What is certain, however, is that as more institutions follow in the footsteps of Santander, the scale of opportunity for cybercriminals is likely to grow, and attacks are likely to rise in tandem.
Given the issue’s growing importance, it is worthwhile considering the full scope of vulnerabilities in the blockchain so as to lay the foundation for a comprehensive set of counter-strategies.
Overview of attack dimensions
We should begin by noting that the topic of “cybersecurity” is as complex as the underlying world of “technology”. Not only this, but as technology continues to evolve, effective strategies or countermeasures may become redundant as new ones take their place.
It is difficult to process such a large list without a categorization framework.
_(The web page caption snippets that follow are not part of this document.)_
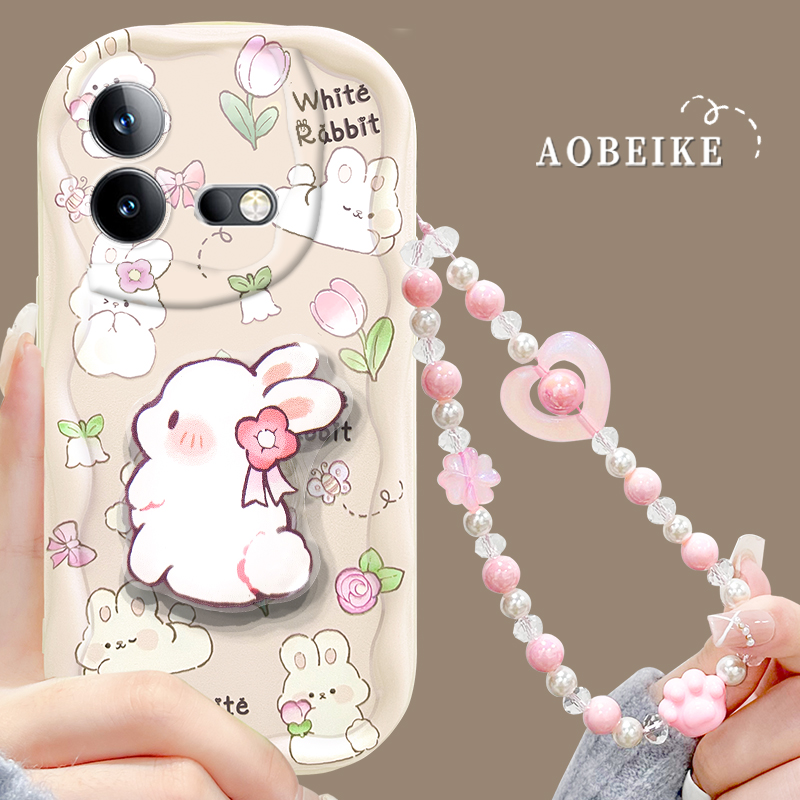 手机壳全包防摔透明蓝兔奶油硅胶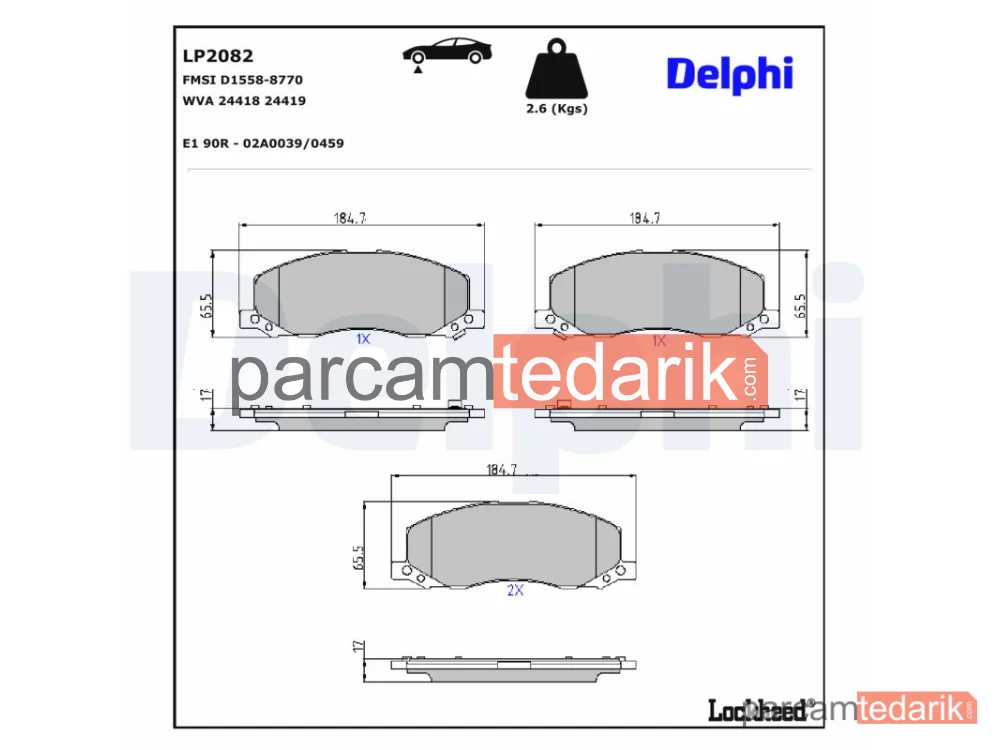 LP2082 | Fren Balatası — Opel Insignia A, Opel Insignia A Country Tourer, Opel Insignia A Sedan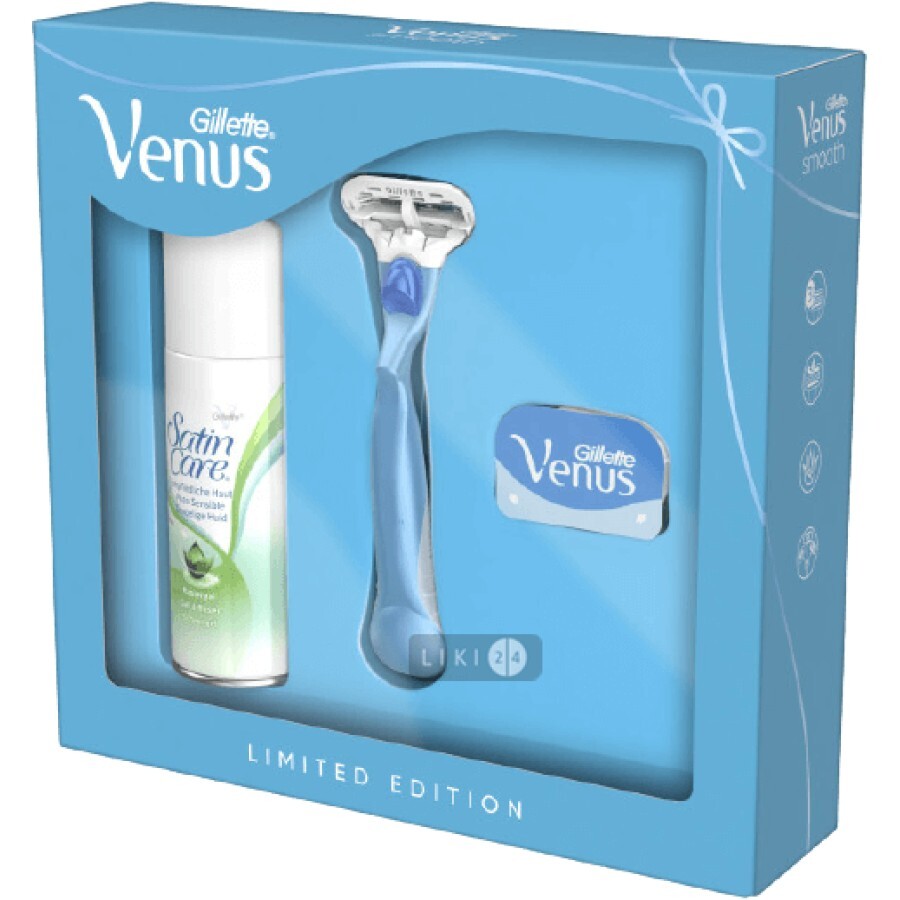 Подарунковий набір Venus Бритва Smooth + Лезо + Гель для гоління Satin Care 75 мл: ціни та характеристики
Arriving at a mutually exclusive set of categories is also hard, owing to the interconnected nature of computing.
However, a pragmatic framework will help in distinguishing threats and grouping them into clusters that share common characteristics. The diagram below shows such a framework, with attacks divided into various groups depending on the nature of the attack vector.
Examples: Pump and Dump, Exit scam, Front running
Market attack strategies typically rely on asymmetric information and/or mass manipulation of investors. While occasionally the advantage is acquired by the possession of illicitly acquired data (as in Front Running), most schemes rely on crowd psychology.
This psychological element often involves “hyping” a particular asset, increasing its price, and creating a self-perpetuating spike, before cashing in ahead of a sudden collapse. The classic example of a market attack is the Ponzi scheme, whereby funds are gathered by the promise of outsize returns with a plausible cover story.
The pseudonymous nature of permissionless blockchain systems affords the ideal ‘getaway car’ for would-be attackers, and calls for vigilance on the part of investors committing their funds, particularly where funds are not locked and the founders do not have established reputations.
Examples: Phishing, Ransomware, Celebrity-based scams
Economic attacks may target multiple individuals at the same time, and also rely on a mixture of data and psychology to extract funds. However, they typically work at the level of the individual rather than the group.
Attacks include abuse of trust by a 3rd party (e.g. a broker churning a portfolio), outright threats (as in the case of extortion and ransomware), subterfuge (phishing, spear phishing), and greed/FOMO (celebrity-based ‘double your money’ scams).
While these attacks may take on different forms, they are unlikely to ever disappear as (like market attacks) they rely on weaknesses in the human mind. The theoretically trustless blockchain environment has unfortunately not proven resistant to these age-old tactics, as trust remains a lynchpin of human society, and can always be abused.
Examples: 51% majority attack, Nothing at stake, Selfish mining
Unlike centralized systems with single points of failure, a large number of parties (nodes) are required to sign off on the status of a blockchain or the validity of its transactions. This should in theory make efforts to corrupt the process prohibitive for a would-be attacker.
However, the two leading paradigms for consensus – Proof of Work (PoW), Proof of Stake (PoS) – have been shown to have many vulnerabilities at the consensus level. Both are in theory subject to the most basic risk of all: collusion between individuals or groups (51% attack, Selfish Mining).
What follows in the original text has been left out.